The task. Within the material below, locate the line with "Kedi Köpek Huni" and the line with "APII jpeg image", then return those two lines and all lines between them, exactly as written.

Material provided.
((
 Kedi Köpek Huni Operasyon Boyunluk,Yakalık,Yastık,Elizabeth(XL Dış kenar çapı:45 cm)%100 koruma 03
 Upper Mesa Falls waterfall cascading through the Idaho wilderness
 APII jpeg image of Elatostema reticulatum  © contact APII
))
((
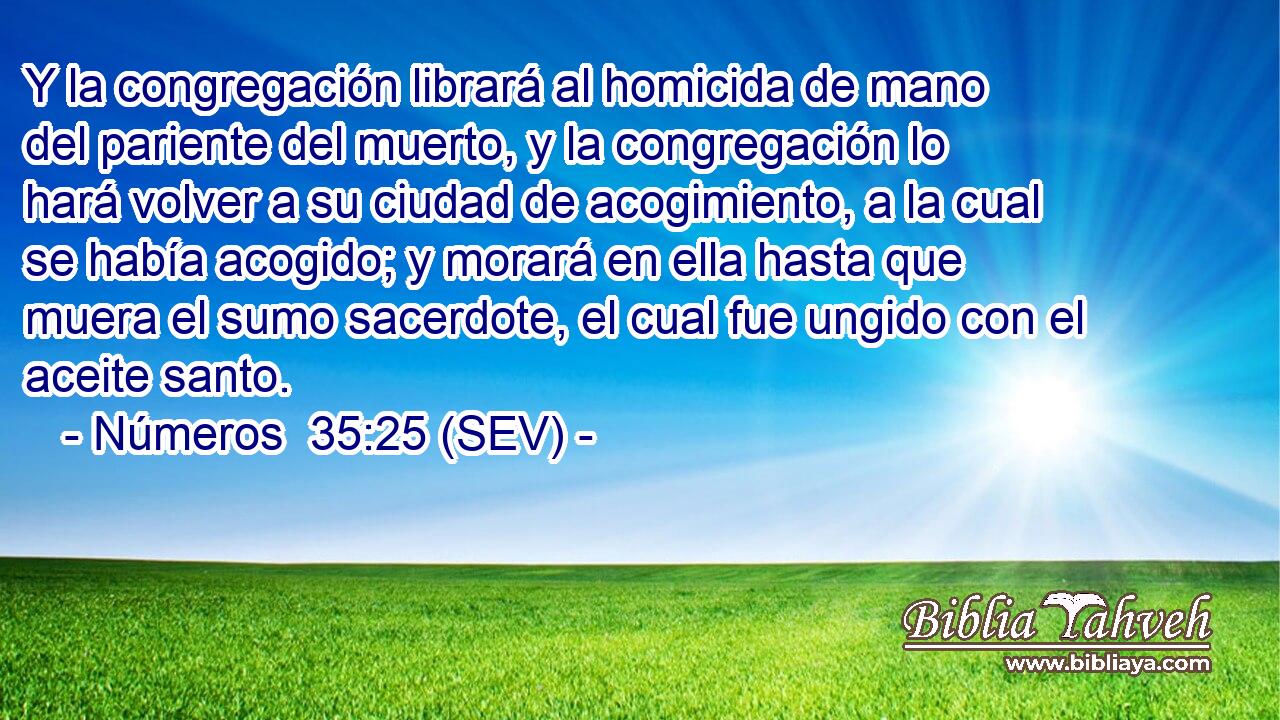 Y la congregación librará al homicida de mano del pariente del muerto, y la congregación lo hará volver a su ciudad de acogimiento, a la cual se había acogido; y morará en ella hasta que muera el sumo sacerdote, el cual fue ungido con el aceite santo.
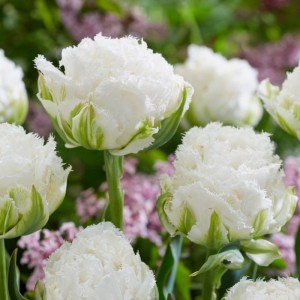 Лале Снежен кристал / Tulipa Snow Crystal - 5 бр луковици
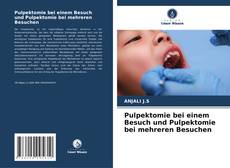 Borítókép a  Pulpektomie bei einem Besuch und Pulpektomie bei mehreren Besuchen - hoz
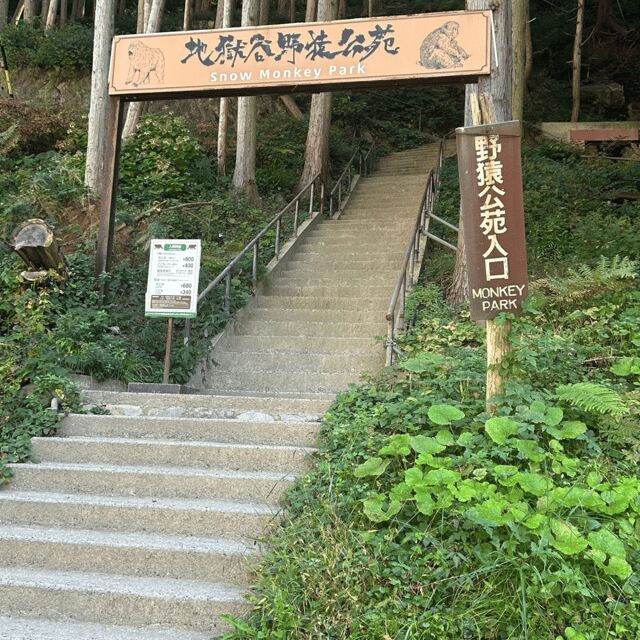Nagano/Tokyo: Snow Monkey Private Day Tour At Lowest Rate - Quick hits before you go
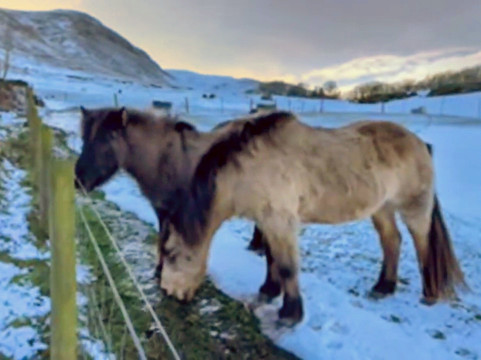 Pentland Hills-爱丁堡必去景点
))
Output for this task.
 Kedi Köpek Huni Operasyon Boyunluk,Yakalık,Yastık,Elizabeth(XL Dış kenar çapı:45 cm)%100 koruma 03
 Upper Mesa Falls waterfall cascading through the Idaho wilderness
 APII jpeg image of Elatostema reticulatum  © contact APII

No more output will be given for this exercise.